Cela fait bien sûr partie de nos chantiers. Nous travaillons avec l’ESSEC à ce sujet. Nous avons noué une convention de partenariat sur 4 ans. L’objectif est de construire un référentiel de mesure d’impact de la pratique du badminton. Concrètement, il y a une première phase au cours de laquelle deux cohortes de 10 associations sont accompagnées par les équipes de l’ESSEC avec des premières expérimentations de terrain. Puis, les équipes plancheront sur la construction du référentiel qui sera à terme valable pour toutes les associations affiliées à la FFBaD.

C’est un investissement relativement important mais c’est indispensable pour aller au-delà de simples paroles autour des belles valeurs du sport. Car il ne suffit pas de mettre des enfants sur un terrain pour faire de l’éducation par le sport. Il faut préciser comment on souhaite éduquer les gens à travers la pratique sportive et mettre en place un plan d’action adapté. Nous souhaitons vraiment objectiver ce qu’est le badminton-santé, l’éducation par le badminton, l’inclusion par le badminton ou encore une pratique écoresponsable du badminton. Et c’est une démarche bien plus complexe que de compter le nombre de médailles gagnées lors d’un championnat…

Mesurer ses impacts à travers un référentiel précis, est-ce suffisant pour pérenniser une politique sociale et environnementale ?

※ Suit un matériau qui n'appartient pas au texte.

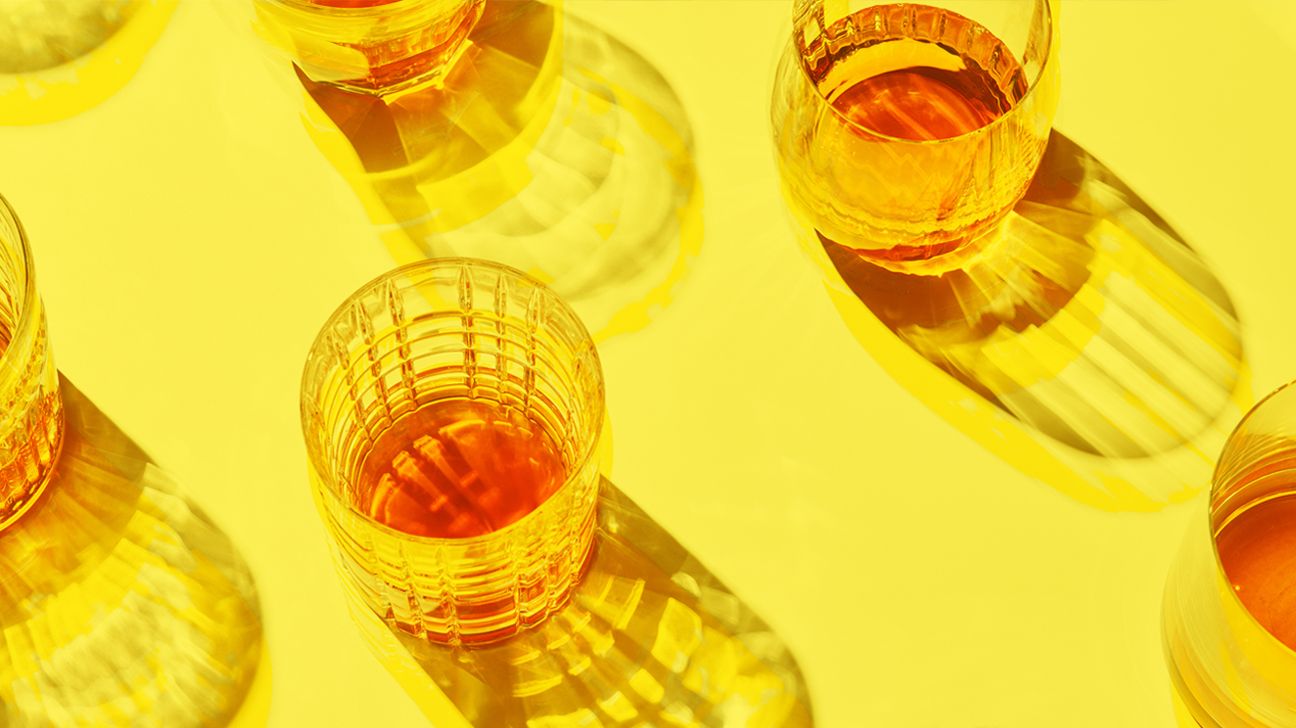 glasses of rum on yellow background header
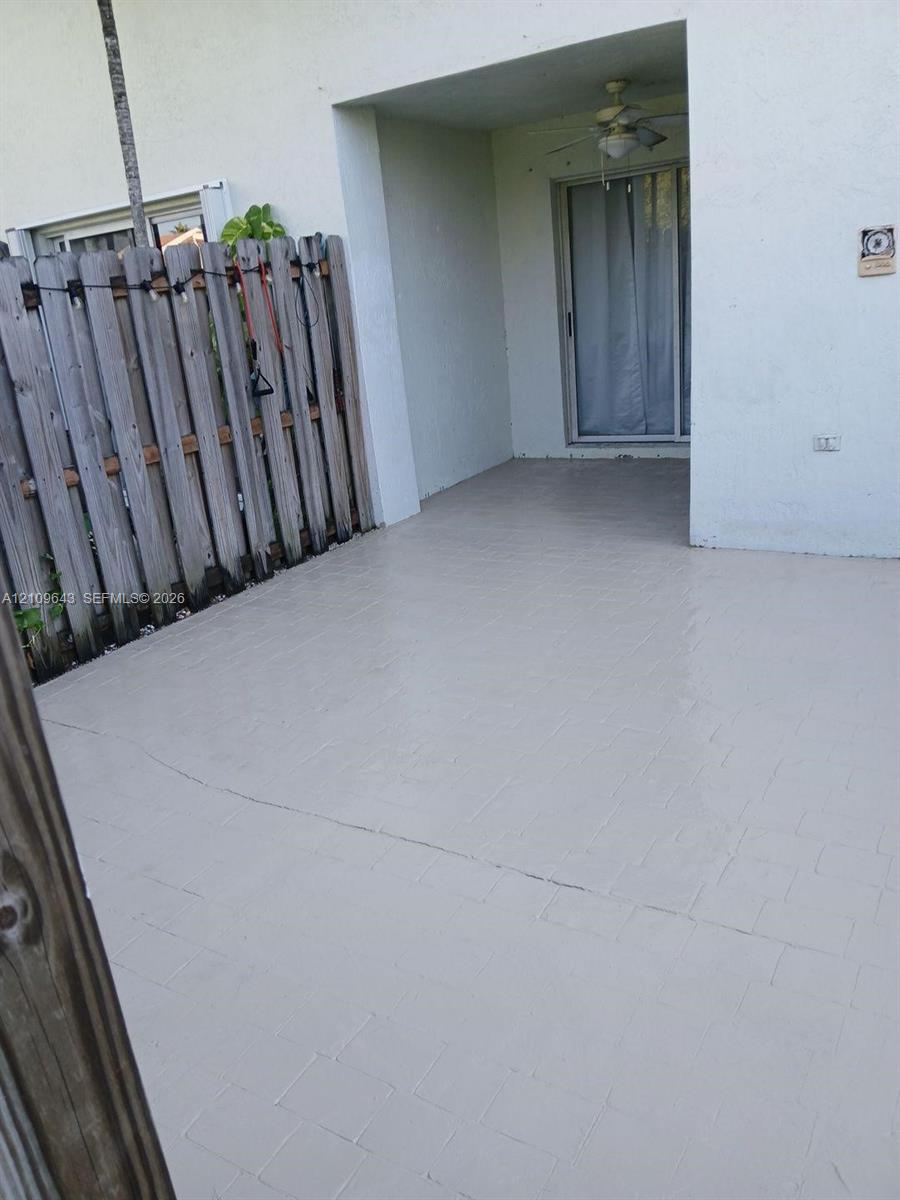 Covered concrete patio featuring a ceiling fan and vertical wood privacy fencing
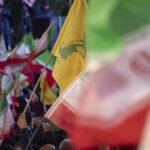 صورة للنائبين حسين الحاج حسن وعلي عمار أو شعار حزب الله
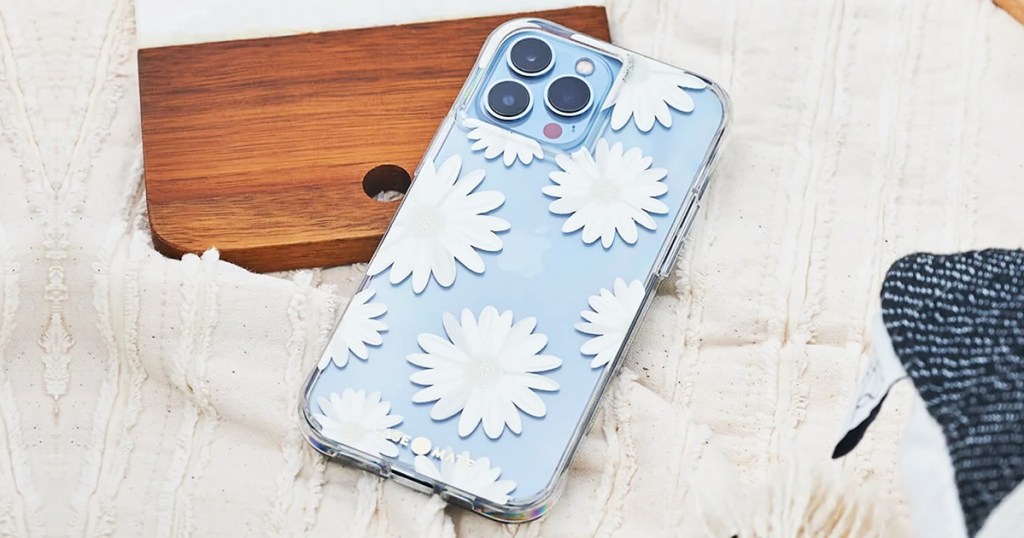 white daisy print phone case on a blue iphone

Une telle politique doit être incarnée à tous les niveaux de la pratique. Cela passe par de nombreuses actions. Par exemple, nous avons cherché dernièrement à faire évoluer les statuts de la FFBaD en y intégrant une raison d’être (ndlr : Influencer positivement les trajectoires de vie grâce au potentiel du badminton et de ses pratiques à travers les territoires). Et ce projet a pourtant créé beaucoup d’incertitudes et de remous lors de notre dernière Assemblée Générale. Certains acteurs historiquement engagés dans le badminton ont l’impression qu’on perd notre âme. Ils ont le sentiment qu’on oublie l’essence du badminton c’est-à-dire la volonté de gagner le point face à son adversaire en tapant dans un volant. Ils nous reprochent d’abandonner nos ambitions en matière de formation des champions. Cela peut être déceptif voire démoralisant pour les personnes éprouvant ce sentiment. Or, à aucun moment nous remettons en cause les vertus de la compétition. La compétition, cela inculque des valeurs de discipline. C’est très structurant dans un parcours de vie.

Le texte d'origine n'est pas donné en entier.